● **YOUR GOAL**
Please give the data again exactly, with no line dropped.

● **MATERIAL FOR THIS TASK**
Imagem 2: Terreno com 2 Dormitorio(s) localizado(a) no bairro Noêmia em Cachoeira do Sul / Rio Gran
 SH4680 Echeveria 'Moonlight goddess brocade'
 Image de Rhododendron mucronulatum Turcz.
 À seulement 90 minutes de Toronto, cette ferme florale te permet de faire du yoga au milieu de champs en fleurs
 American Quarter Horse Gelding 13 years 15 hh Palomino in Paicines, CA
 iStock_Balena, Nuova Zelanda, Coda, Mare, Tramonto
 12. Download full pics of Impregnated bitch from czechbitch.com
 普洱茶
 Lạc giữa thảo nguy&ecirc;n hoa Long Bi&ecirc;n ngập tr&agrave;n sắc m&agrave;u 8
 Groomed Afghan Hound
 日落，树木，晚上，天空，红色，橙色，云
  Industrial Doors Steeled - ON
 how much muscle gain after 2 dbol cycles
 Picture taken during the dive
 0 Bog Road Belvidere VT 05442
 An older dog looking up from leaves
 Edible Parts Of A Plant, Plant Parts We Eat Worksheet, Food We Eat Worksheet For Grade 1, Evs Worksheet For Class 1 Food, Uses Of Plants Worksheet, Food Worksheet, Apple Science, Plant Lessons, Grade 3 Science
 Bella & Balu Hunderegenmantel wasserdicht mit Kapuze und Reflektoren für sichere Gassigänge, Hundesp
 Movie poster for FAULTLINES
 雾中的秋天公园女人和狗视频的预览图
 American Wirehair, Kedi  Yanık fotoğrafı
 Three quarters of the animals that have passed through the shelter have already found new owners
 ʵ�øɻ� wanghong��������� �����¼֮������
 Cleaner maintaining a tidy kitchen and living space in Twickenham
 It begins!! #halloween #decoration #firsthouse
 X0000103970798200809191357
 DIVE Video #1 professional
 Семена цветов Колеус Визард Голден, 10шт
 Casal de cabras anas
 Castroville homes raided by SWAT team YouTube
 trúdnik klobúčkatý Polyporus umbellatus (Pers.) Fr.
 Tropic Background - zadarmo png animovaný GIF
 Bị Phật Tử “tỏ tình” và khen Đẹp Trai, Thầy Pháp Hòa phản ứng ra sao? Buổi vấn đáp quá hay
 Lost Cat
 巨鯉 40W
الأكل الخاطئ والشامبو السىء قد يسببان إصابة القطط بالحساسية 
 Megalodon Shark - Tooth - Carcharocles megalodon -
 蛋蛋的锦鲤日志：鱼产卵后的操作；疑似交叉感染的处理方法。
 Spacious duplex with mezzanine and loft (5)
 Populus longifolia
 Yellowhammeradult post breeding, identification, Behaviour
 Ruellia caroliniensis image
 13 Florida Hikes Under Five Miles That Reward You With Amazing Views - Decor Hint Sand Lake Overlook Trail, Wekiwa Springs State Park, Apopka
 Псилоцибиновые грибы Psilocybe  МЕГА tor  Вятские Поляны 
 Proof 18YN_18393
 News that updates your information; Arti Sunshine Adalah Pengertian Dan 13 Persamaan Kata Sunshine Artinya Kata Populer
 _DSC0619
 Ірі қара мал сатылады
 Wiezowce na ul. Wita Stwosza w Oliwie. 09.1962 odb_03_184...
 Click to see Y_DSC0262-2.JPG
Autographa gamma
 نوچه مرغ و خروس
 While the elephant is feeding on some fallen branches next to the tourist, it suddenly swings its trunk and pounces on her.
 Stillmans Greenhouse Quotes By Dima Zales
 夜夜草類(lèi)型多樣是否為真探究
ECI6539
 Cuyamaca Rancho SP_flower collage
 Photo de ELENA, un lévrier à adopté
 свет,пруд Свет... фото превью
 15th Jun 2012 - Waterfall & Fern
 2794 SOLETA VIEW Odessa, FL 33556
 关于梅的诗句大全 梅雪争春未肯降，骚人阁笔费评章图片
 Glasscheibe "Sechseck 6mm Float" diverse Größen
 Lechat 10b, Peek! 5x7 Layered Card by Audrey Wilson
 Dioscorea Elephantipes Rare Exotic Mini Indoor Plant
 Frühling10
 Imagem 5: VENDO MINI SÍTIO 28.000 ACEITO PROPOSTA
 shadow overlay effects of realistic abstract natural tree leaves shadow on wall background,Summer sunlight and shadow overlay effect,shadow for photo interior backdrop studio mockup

● **TASK ANSWER**
Imagem 2: Terreno com 2 Dormitorio(s) localizado(a) no bairro Noêmia em Cachoeira do Sul / Rio Gran
 SH4680 Echeveria 'Moonlight goddess brocade'
 Image de Rhododendron mucronulatum Turcz.
 À seulement 90 minutes de Toronto, cette ferme florale te permet de faire du yoga au milieu de champs en fleurs
 American Quarter Horse Gelding 13 years 15 hh Palomino in Paicines, CA
 iStock_Balena, Nuova Zelanda, Coda, Mare, Tramonto
 12. Download full pics of Impregnated bitch from czechbitch.com
 普洱茶
 Lạc giữa thảo nguy&ecirc;n hoa Long Bi&ecirc;n ngập tr&agrave;n sắc m&agrave;u 8
 Groomed Afghan Hound
 日落，树木，晚上，天空，红色，橙色，云
  Industrial Doors Steeled - ON
 how much muscle gain after 2 dbol cycles
 Picture taken during the dive
 0 Bog Road Belvidere VT 05442
 An older dog looking up from leaves
 Edible Parts Of A Plant, Plant Parts We Eat Worksheet, Food We Eat Worksheet For Grade 1, Evs Worksheet For Class 1 Food, Uses Of Plants Worksheet, Food Worksheet, Apple Science, Plant Lessons, Grade 3 Science
 Bella & Balu Hunderegenmantel wasserdicht mit Kapuze und Reflektoren für sichere Gassigänge, Hundesp
 Movie poster for FAULTLINES
 雾中的秋天公园女人和狗视频的预览图
 American Wirehair, Kedi  Yanık fotoğrafı
 Three quarters of the animals that have passed through the shelter have already found new owners
 ʵ�øɻ� wanghong��������� �����¼֮������
 Cleaner maintaining a tidy kitchen and living space in Twickenham
 It begins!! #halloween #decoration #firsthouse
 X0000103970798200809191357
 DIVE Video #1 professional
 Семена цветов Колеус Визард Голден, 10шт
 Casal de cabras anas
 Castroville homes raided by SWAT team YouTube
 trúdnik klobúčkatý Polyporus umbellatus (Pers.) Fr.
 Tropic Background - zadarmo png animovaný GIF
 Bị Phật Tử “tỏ tình” và khen Đẹp Trai, Thầy Pháp Hòa phản ứng ra sao? Buổi vấn đáp quá hay
 Lost Cat
 巨鯉 40W
الأكل الخاطئ والشامبو السىء قد يسببان إصابة القطط بالحساسية 
 Megalodon Shark - Tooth - Carcharocles megalodon -
 蛋蛋的锦鲤日志：鱼产卵后的操作；疑似交叉感染的处理方法。
 Spacious duplex with mezzanine and loft (5)
 Populus longifolia
 Yellowhammeradult post breeding, identification, Behaviour
 Ruellia caroliniensis image
 13 Florida Hikes Under Five Miles That Reward You With Amazing Views - Decor Hint Sand Lake Overlook Trail, Wekiwa Springs State Park, Apopka
 Псилоцибиновые грибы Psilocybe  МЕГА tor  Вятские Поляны 
 Proof 18YN_18393
 News that updates your information; Arti Sunshine Adalah Pengertian Dan 13 Persamaan Kata Sunshine Artinya Kata Populer
 _DSC0619
 Ірі қара мал сатылады
 Wiezowce na ul. Wita Stwosza w Oliwie. 09.1962 odb_03_184...
 Click to see Y_DSC0262-2.JPG
Autographa gamma
 نوچه مرغ و خروس
 While the elephant is feeding on some fallen branches next to the tourist, it suddenly swings its trunk and pounces on her.
 Stillmans Greenhouse Quotes By Dima Zales
 夜夜草類(lèi)型多樣是否為真探究
ECI6539
 Cuyamaca Rancho SP_flower collage
 Photo de ELENA, un lévrier à adopté
 свет,пруд Свет... фото превью
 15th Jun 2012 - Waterfall & Fern
 2794 SOLETA VIEW Odessa, FL 33556
 关于梅的诗句大全 梅雪争春未肯降，骚人阁笔费评章图片
 Glasscheibe "Sechseck 6mm Float" diverse Größen
 Lechat 10b, Peek! 5x7 Layered Card by Audrey Wilson
 Dioscorea Elephantipes Rare Exotic Mini Indoor Plant
 Frühling10
 Imagem 5: VENDO MINI SÍTIO 28.000 ACEITO PROPOSTA
 shadow overlay effects of realistic abstract natural tree leaves shadow on wall background,Summer sunlight and shadow overlay effect,shadow for photo interior backdrop studio mockup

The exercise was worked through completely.